Work required :: Reproduce the following material exactly, including every line.

Material shown ::
Start of Block

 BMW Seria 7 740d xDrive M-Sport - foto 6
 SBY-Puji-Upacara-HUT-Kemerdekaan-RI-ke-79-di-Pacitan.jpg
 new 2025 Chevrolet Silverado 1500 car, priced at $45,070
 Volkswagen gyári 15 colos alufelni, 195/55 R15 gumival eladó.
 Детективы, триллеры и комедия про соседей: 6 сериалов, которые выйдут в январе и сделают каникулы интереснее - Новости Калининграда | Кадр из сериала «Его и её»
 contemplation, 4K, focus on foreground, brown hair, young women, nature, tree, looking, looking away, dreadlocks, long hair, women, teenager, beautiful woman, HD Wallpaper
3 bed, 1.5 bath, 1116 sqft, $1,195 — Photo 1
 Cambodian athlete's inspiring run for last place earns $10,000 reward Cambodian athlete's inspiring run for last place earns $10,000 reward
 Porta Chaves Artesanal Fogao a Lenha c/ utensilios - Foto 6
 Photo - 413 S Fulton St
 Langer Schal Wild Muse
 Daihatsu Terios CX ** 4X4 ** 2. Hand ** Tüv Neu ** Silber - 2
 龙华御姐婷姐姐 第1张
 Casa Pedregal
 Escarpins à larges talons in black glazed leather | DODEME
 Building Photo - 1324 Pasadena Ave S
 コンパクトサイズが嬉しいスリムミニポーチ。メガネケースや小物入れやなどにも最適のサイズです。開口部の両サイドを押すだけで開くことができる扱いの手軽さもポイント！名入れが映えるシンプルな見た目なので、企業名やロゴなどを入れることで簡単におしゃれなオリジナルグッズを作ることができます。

End of Block

Solved problem ::
 BMW Seria 7 740d xDrive M-Sport - foto 6
 SBY-Puji-Upacara-HUT-Kemerdekaan-RI-ke-79-di-Pacitan.jpg
 new 2025 Chevrolet Silverado 1500 car, priced at $45,070
 Volkswagen gyári 15 colos alufelni, 195/55 R15 gumival eladó.
 Детективы, триллеры и комедия про соседей: 6 сериалов, которые выйдут в январе и сделают каникулы интереснее - Новости Калининграда | Кадр из сериала «Его и её»
 contemplation, 4K, focus on foreground, brown hair, young women, nature, tree, looking, looking away, dreadlocks, long hair, women, teenager, beautiful woman, HD Wallpaper
3 bed, 1.5 bath, 1116 sqft, $1,195 — Photo 1
 Cambodian athlete's inspiring run for last place earns $10,000 reward Cambodian athlete's inspiring run for last place earns $10,000 reward
 Porta Chaves Artesanal Fogao a Lenha c/ utensilios - Foto 6
 Photo - 413 S Fulton St
 Langer Schal Wild Muse
 Daihatsu Terios CX ** 4X4 ** 2. Hand ** Tüv Neu ** Silber - 2
 龙华御姐婷姐姐 第1张
 Casa Pedregal
 Escarpins à larges talons in black glazed leather | DODEME
 Building Photo - 1324 Pasadena Ave S
 コンパクトサイズが嬉しいスリムミニポーチ。メガネケースや小物入れやなどにも最適のサイズです。開口部の両サイドを押すだけで開くことができる扱いの手軽さもポイント！名入れが映えるシンプルな見た目なので、企業名やロゴなどを入れることで簡単におしゃれなオリジナルグッズを作ることができます。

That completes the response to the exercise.